There are many in our midst who are deeply con­cerned, and often rightly concerned, about what is to be done with Germany and Japan after the war, assuming that we have any opportunity to do any­thing with these nations. It is widely felt that these are storm centers of human disturbance and that something must be done to avoid new calamities. It must be admitted that a great part of this interest is justified. It is, of course, the sober truth that three times in the memory of living men Germany has rudely disturbed the peace. Fortunately we are somewhat past the rather sentimental white-wash­ing of Germany’s actions which was so popular ten or fifteen years ago. It was Germans who invaded Belgium in 1914 and it was Germans who invaded Poland in 1939. Granting all this, however, we are unwise if we concentrate too much on one or two areas of danger in the world. When we consider the patent fact of change in human history, we must be prepared to expect that the next danger to the peace of mankind is something which we now little suspect, coming from a new quarter. It is instruc­tive to remember that in the ancient world the great danger came at one time from Babylonia and another from Assyria and still another from Persia.

Where the new areas of possible danger are it is hard to say, but they could be anywhere. Perhaps our present world tragedy, terrible as it is, is only a prelude to a series of upheavals marking the col­ored man’s challenge to the white man’s supremacy or the poor man’s challenge to the supremacy of riches. A hundred years ago the present Japanese danger to the world would have seemed the most fantastic of predictions. By the same token, there may be some area of the world, now hardly con­sidered at all, which, through some change in tech­nology or culture, may become a storm center. The other sobering possibility is that future danger may come from ourselves or our friends.

Fanatical Forces of Hatred

All who try to keep their eyes open for signs of the times are bound to be disturbed by many ten­dencies of thought in our own beloved land, ten­dencies so disturbing that we dread the day when alleged peace comes. There are many forces in our country which are fanatical in their hatred of the Japanese nation and all things Japanese. It is a foregone conclusion that, when the force of Jap­anese aggression is broken by our arms, these peo­ple will press hard for a wholly vindictive peace and thus prepare the ground for new and terrible calami­ties in the future. Though there are, as we all know, many persons of high-minded idealism in places of power, it is a sad thing indeed to see the way in which so many of our people now look upon the war as a prize fight, seeking nothing but the knockout blow. Many dismiss talk of world re­construction after the war as nothing but idealistic moonshine. Many disclaim any interest in the woes of subject people of Europe or Asia and frankly make their only war aim revenge, because our own territory was attacked fourteen months ago. The difficulty is that this kind of public opinion is likely to grow.

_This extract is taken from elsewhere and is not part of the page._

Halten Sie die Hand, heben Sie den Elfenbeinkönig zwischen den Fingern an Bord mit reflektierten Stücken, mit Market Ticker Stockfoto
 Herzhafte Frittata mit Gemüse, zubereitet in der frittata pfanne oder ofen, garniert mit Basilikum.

A few days ago we received a searching letter from one of the highest authorities in the Church in America, one of the group of men who has done most to urge American participation in the war and one of the editors of Christianity and Crisis. He is representative of the many thoughtful and sensitive men who urged the war because of the terrible evil of the alternative, continuation of tyranny. This man still feels that such a decision was and is in accordance with the mind of Christ, but he is frank­ly disturbed at so much that he now sees. The fol­lowing paragraph will be appreciated by our readers:

“. . . Hardly a day passes that one does not read in the papers of proposals and opinions which practically deny everything that we are supposed to be struggling for and certainly express a spirit which is destructive of any real hope for the future. The dreadful narrowness and intolerant racialism of some of the things that are being put forward . . . make one heart­sick. Fortunately we can have no doubt that what we hope for and pray for is nearer to the will of God.”

How do we keep it from happening here? As we become stronger, as we become more aware of the great power which our unparalleled resources give, it will be so easy for our people to become hard. There is even a good chance for genuine hard feel­ing between ourselves and England when the war is over and an even greater chance of hard feeling between ourselves and Russia. The war is awful, but the peace may be worse. There will be the danger of perfectly understandable vengeance in Europe; there will be awful slaughter in Germany itself; and there will be in the victorious countries the desire to get back to normalcy and comfort and private gain. Only by terrific vigilance in the effort to mold public opinion can these dangers be even partially averted.

The upshot of this way of thinking is the con­clusion that the home front is in many ways the major front. In any case it is our front. Our task is not to stress the part of the struggle in which we cannot cooperate, since that sounds too much like Pharisaic isolation from the woes of the world, but to stress the part in which we can cooperate. We love our country, we are concerned for the human race, and we find our patriotic, as well as our Christian, task in the effort to build up in our cities and towns and villages a spirit which will avoid those dire developments which we have such reason to fear.

The greatest cross which the more sensitive men in the Civilian Public Service camps now bear is their separation from the home front, where the battle for public opinion is going on. That is where they are needed and the more we can do anything to get them there, the greater service we render not only these men but the public good. Herein lies much of the wisdom of the English plan of exemp­tion, which lets so many conscientious men continue their patriotic task on the home front. In any case, however, most of us do not have this cross to bear. We are members of clubs; we attend public meetings; we meet strangers as we travel. We have a thousand ways of influencing the thought of our time. This is our magnificent opportunity. In days to come, when people ask, “What did you do when the world was on the edge of the abyss?” we need not be ashamed if we can reply “We did all we could to keep that area of the world, in which we had some modest part, from forgetting, in utter vindictiveness, the vision of the world for which it allegedly struggled.”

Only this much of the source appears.